Daily Democrat
- Type: Daily newspaper
- Format: Broadsheet
- Owner: Digital First Media
- Founder(s): W. L. Jernegan M. E. Everts
- Publisher: Mazi Kavoosi
- Editor: Carlos Guerrero
- Founded: 1857
- Language: English
- Headquarters: Woodland, California
- ISSN: 0747-1890
- Website: dailydemocrat.com

= Daily Democrat =

Newspaper in Woodland, California, United States

The Daily Democrat is the daily newspaper in Woodland, California. The paper is owned by Digital First Media. It is the oldest paper published in Yolo County, California.

==History==
In 1857, the weekly newspaper Yolo County Democrat was founded in Cacheville by William L. Jernegan and M. E. Everts. Samuel Ruland served as the paper's first editor. After about three months Everts withdrew and the paper ceased after a year. M. P. Ferguson acquired the property and revived the paper in 1859 as The Cacheville Spectator. That same year ownership transferred to T. J. Howard.
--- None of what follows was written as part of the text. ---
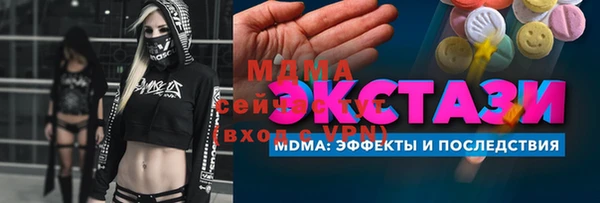 ПСИЛОЦИБИНОВЫЕ ГРИБЫ Белокуриха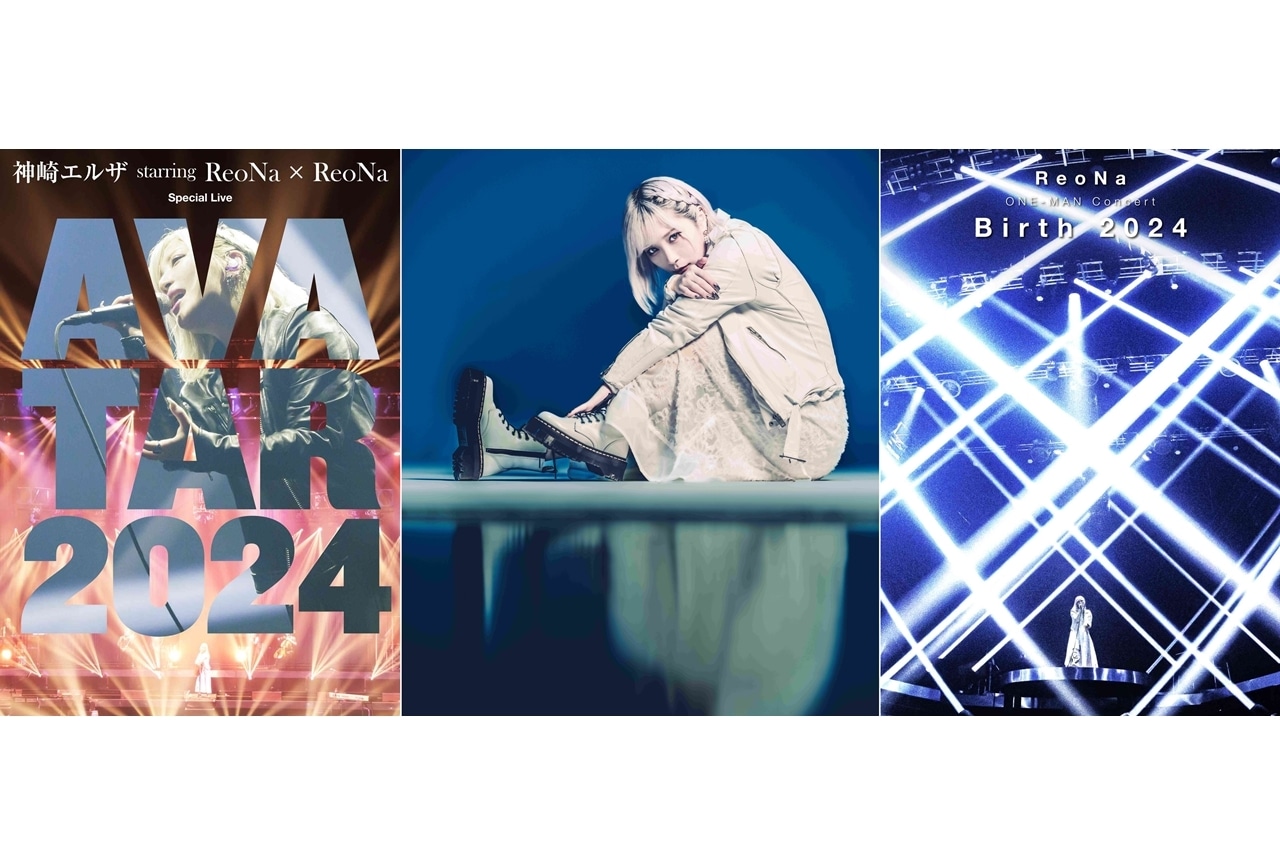 ReoNaのライヴ・フィルム上映が開催決定！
Howard relocated the paper to Knights Landing and published under the title The Knights News in August 1859 with S. L. Snyder as co-publisher and co-proprietor. The paper shuttered after eight days. Two months later S. W. Ravely revived the paper and resumed printing that November under the old name. The paper moved to Woodland on June 11, 1864 and the name was changed to the Woodland News.

In August 1865, the paper came under the ownership of H. C. Grover and Charles E. St. Louis. At that time the paper switched party affiliations from Democrat to Republican. W. A. Henry became editor in November 1867 and the name was changed back to the Yolo County Democrat. Two years later and Henry was succeeded by L.P Hall, who ran the paper until a libel suit from the Yolo Mail caused him to retire. William Saunders become the paper's sole owner by February 1870 and ran it for a decade. The name was changed again on June 1, 1877 to the Woodland Daily Democrat. The paper was briefly owned by Ruffner & Lee, who sold out to Wick B. Parsons in 1887.

In 1891, Edward E. Leake, editor of the Dixon Tribune purchased the paper. In 1926, Leake died. His son Paul R. Leake then took over as publisher and died in 1977. His son Kenneth E. Leake then worked as publisher until his death in 1981. At that time his widow Eleanor Leake published the paper. In total, the Leake family owned the Daily Democrat for 92 years until 1984, when it was sold to the Donrey Media Group. Donrey ceded control of the paper to the California Newspapers Partnership in 1999. The company is owned by MediaNews Group, Inc.